Ibeyi: Spell 31, an essay by Janaya Furture KhanSince their self-titled debut album seven years ago, Ibeyi’s stunning parallel harmonies and integral minimalist Latin percussion has shared a message of power and possibility across airwaves around the globe, cutting through an individualist framework that emphasizes self over society and success over soul.

Ibeyi’s artistic expression of visuals and sound broke through the cultural zeitgeist to become one of the most original and recognizable sounds of our time. An ever evolving duo, they are unafraid to be in their multitudes, at once daughters, sisters, icons, philosophers, composers, singers, fashion gods, and prophets. It is no surprise then that Spell 31 speaks to us as a prophecy, one we are on the cusp of realizing if only we dared to embrace the magic and step into the supernatural that Ibeyi so easily inhabits.

Their former albums were portals. Ibeyi worked through grief, dismay, family and love with gothic gospel frequencies; it was a confrontation with the personal. Ash, their second album, grappled with the realities of race and gender, it examined the human condition, weaving West African and Yoruban tradition into its message. It grappled with the political. Spell 31 embraces the whole. It is the other side of the portal, an anchor when we feel our most aimless and adrift.
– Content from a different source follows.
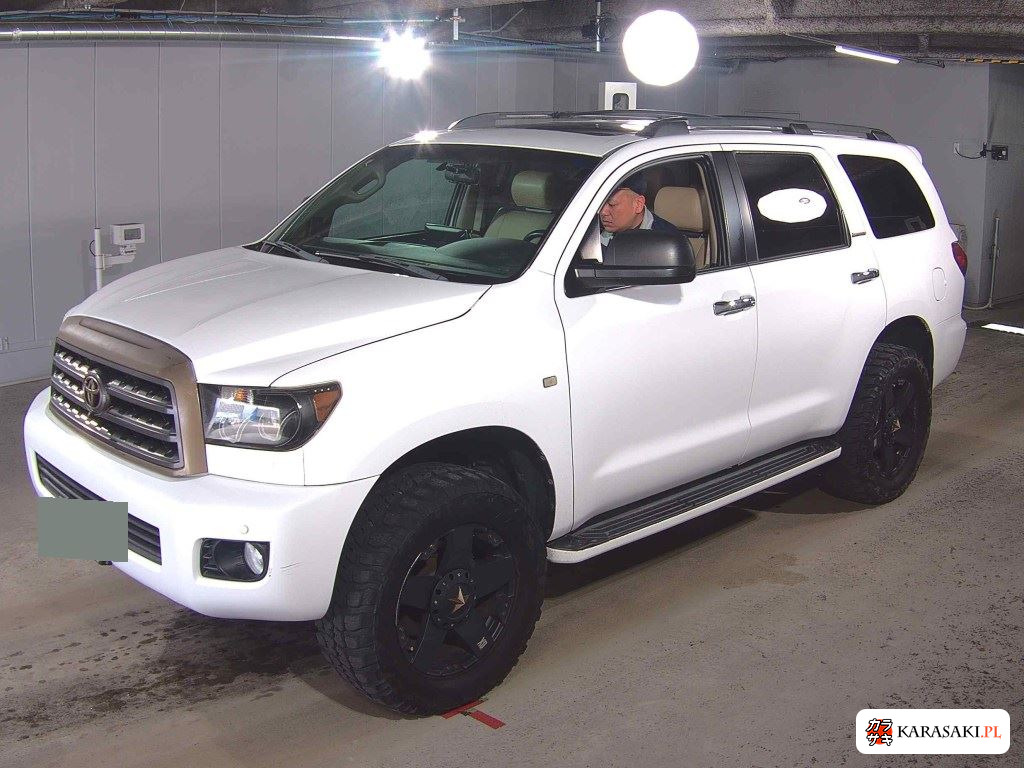 2010 America Toyota Sequoia 5D 4WD 3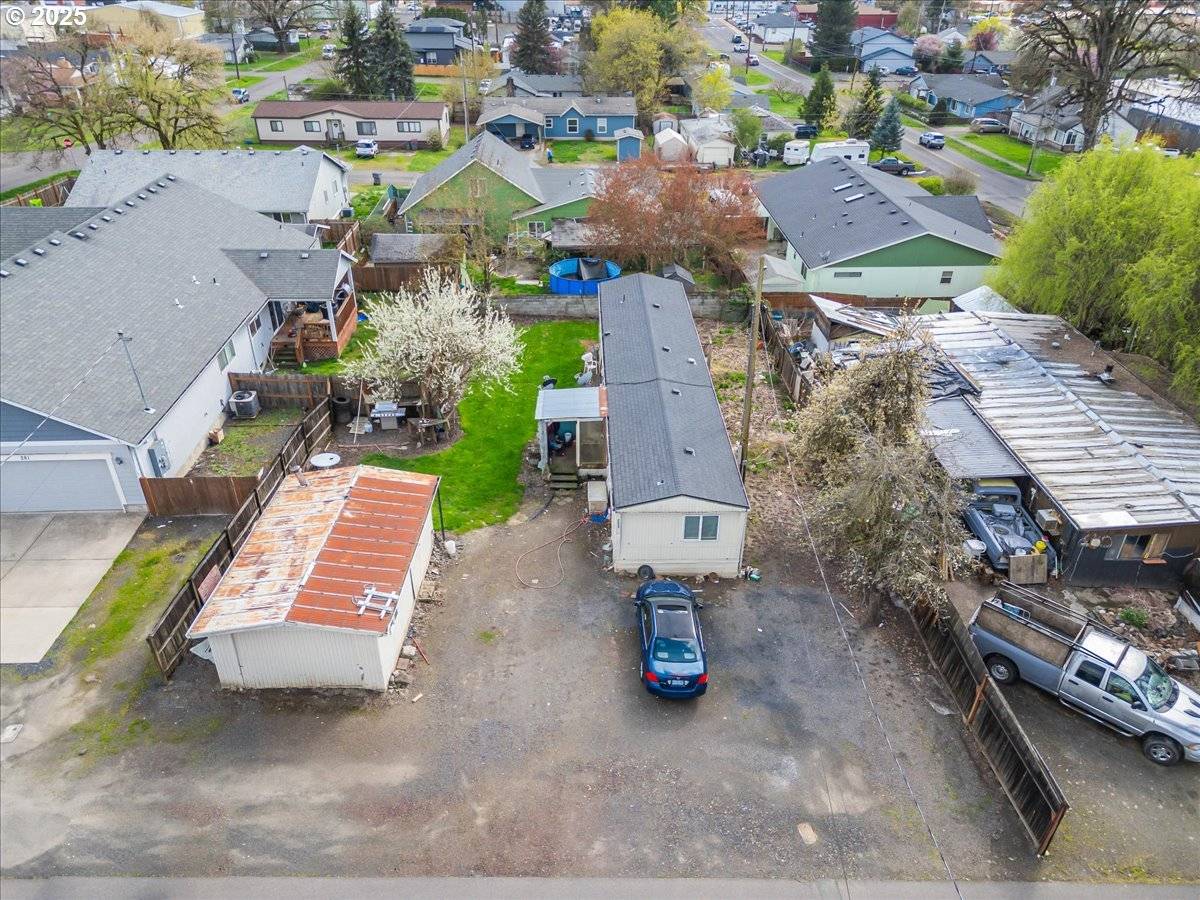 Lafayette, OR 97127,253 E 7TH ST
With the world still reeling in the aftermath of a pandemic, another racial reckoning, climate fueled existential dread, and moral decay accelerated by crumbling democratic structures, Ibeyi’s Spell 31 is their boldest offering yet, an antidote to apathy in a divided world. Ethereal, crystalized signature Ibeyi harmonies are fused with gospel, persuasive percussion, momentous deeply resonant bass, and electronic neo soul expressions, transporting us into a sublime rawness that is refined by Richard Russell’s precise hand and synthesized into astonishing clarity.

Spell 31 casts with conviction, transmuting nihilism into sangoma, binaries into endless dualites, moral austerity into abundance. A subversive and halcyonic manifesto from queens of a sovereign land, Ibeyi occupies the liminal, the space between life and death, past and present, right and wrong, and calls for the interior revelations that create the systemic revolutions we long for. We are invited into a new world where the hewers of wood and drawers of water are sacred, where the divine heals the divided, and growth is worth more than gold. The prophecy is a call to action: it is not yet too late to be the person you always thought you could be. Spell 31 is spirit setting, reminding us that the meaning of life can only be achieved through the magic of living.